» **What to produce**
Scan the records below for the line with "Delicious Coconut Rice" and the line with "New 1.0MM Nozzle", and retype that range exactly, both ends included, pictures excepted.

Extracted data START

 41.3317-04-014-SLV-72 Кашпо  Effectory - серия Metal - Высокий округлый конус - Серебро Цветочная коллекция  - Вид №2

Extracted data END
Extracted data START

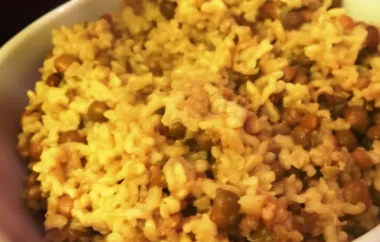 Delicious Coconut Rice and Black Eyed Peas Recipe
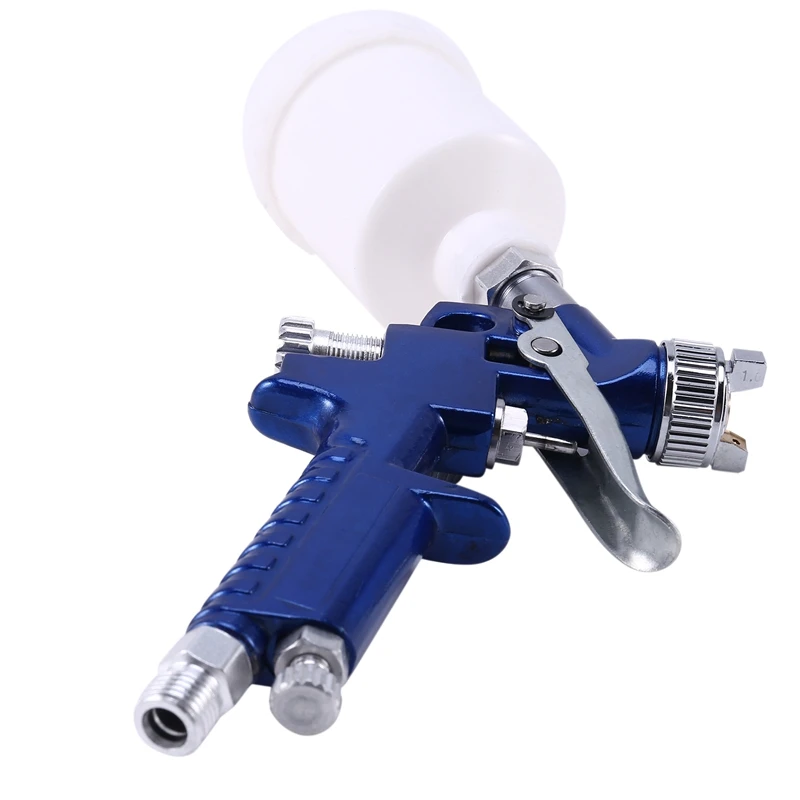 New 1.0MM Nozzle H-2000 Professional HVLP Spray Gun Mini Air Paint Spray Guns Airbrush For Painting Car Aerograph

Extracted data END

» **The completed task**
 Delicious Coconut Rice and Black Eyed Peas Recipe
 New 1.0MM Nozzle H-2000 Professional HVLP Spray Gun Mini Air Paint Spray Guns Airbrush For Painting Car Aerograph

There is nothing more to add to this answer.